Hagoromo’s continued existence is an unlikely story that bridges Japan and South Korea, two countries that have had an uneasy, and often bitter, relationship ever since the war.
The company that produced the chalk for its first eight decades was founded in Nagoya, Japan, in 1932 as Nihon Chalk Seizosho. After its production building burned down during a World War II air raid, the company was rebuilt and chalk manufacturing resumed in 1947 under the name Hagoromo Bungu.
Production peaked in 1990 at 90 million sticks. But sales then steadily declined, eventually reaching half that level over the next two decades amid competition from whiteboards and newer technologies like so-called smartboards.
In 2014, Takayasu Watanabe, the grandson of the company’s founder, announced that Hagoromo would halt production, partly because of the industry’s declining fortunes and partly because of his own ill health. He did not ask any of his three daughters to take over the company.
As Mr. Watanabe was preparing to shut it down, he received a visit from Shin Hyeong-seok, who had been importing the chalk to South Korea for nearly 10 years. Mr. Shin sold the chalk through the company he started, Sejong Mall, named after King Sejong the Great, who in the 15th century created Hangul, the Korean writing system.

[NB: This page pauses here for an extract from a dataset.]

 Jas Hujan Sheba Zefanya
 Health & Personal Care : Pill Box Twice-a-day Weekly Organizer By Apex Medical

Mr. Shin had discovered the chalk years before in Japan while investigating the workings of cram schools. At the time, he was teaching math part time while pursuing a Ph.D. and his dreams of becoming an architect.
“I went into the teachers’ lounge and remember being mesmerized by the fluorescent-colored chalks,” he said. “And when I started writing with one, I could not put it down.”
On his trip to see Mr. Watanabe, Mr. Shin presented what he called a “crazy idea.” He, a teacher and importer with no manufacturing experience, would take over production of the chalk in South Korea. Mr. Watanabe laughed.
But Mr. Shin kept pressing. “My pitch to him was that there are many things in the world that will disappear one day, but the best-quality item should be the last to do so,” Mr. Shin said.
Eventually, Mr. Watanabe came around. He gave his machines to Mr. Shin at practically no cost. The slightly younger of the two twins, Choi Eui-chun, an ethnic Korean born in Japan, moved to South Korea to work at Mr. Shin’s factory, and the older brother, Choi Eui-haeng, later joined him.
Mr. Watanabe visited three or four times to examine the installation and operation of the machines from his wheelchair. He died in July.
Since 2015, the chalk has been produced in a modest corrugated metal building along a four-lane rural highway 20 miles from the border with North Korea.
Many of the machines in the small factory, like the logo stamper, with its rust-flecked metal and old-style rubber imprinter, look more like museum pieces than cogs in a modern assembly line. At the end of the assembly line, the chalk is sorted into rows of 12 and then placed by workers into boxes bearing the name Hagoromo Fulltouch Chalk. “World Best Quality,” the boxes proclaim.
Seventy-two white pieces sell for $11.
Mr. Watanabe was called a traitor by some of his colleagues who accused him of seeking to transfer good technology to South Korea. The Japanese chalk association feared that Mr. Shin would produce an inferior, cheaper product and export it to Japan, undercutting manufacturers there.
Mr. Shin recalled that Mr. Watanabe had been untroubled by any of this criticism. He said that Mr. Watanabe eventually came to treat him as a son.
Takako Iwata, the second of Mr. Watanabe’s three daughters, who served as interpreter for Mr. Shin and her father, saw a grander ambition in their bond. “I hope my father’s chalk could help relieve Japan-Korea tensions,” she said. “That’s the hope, at least.”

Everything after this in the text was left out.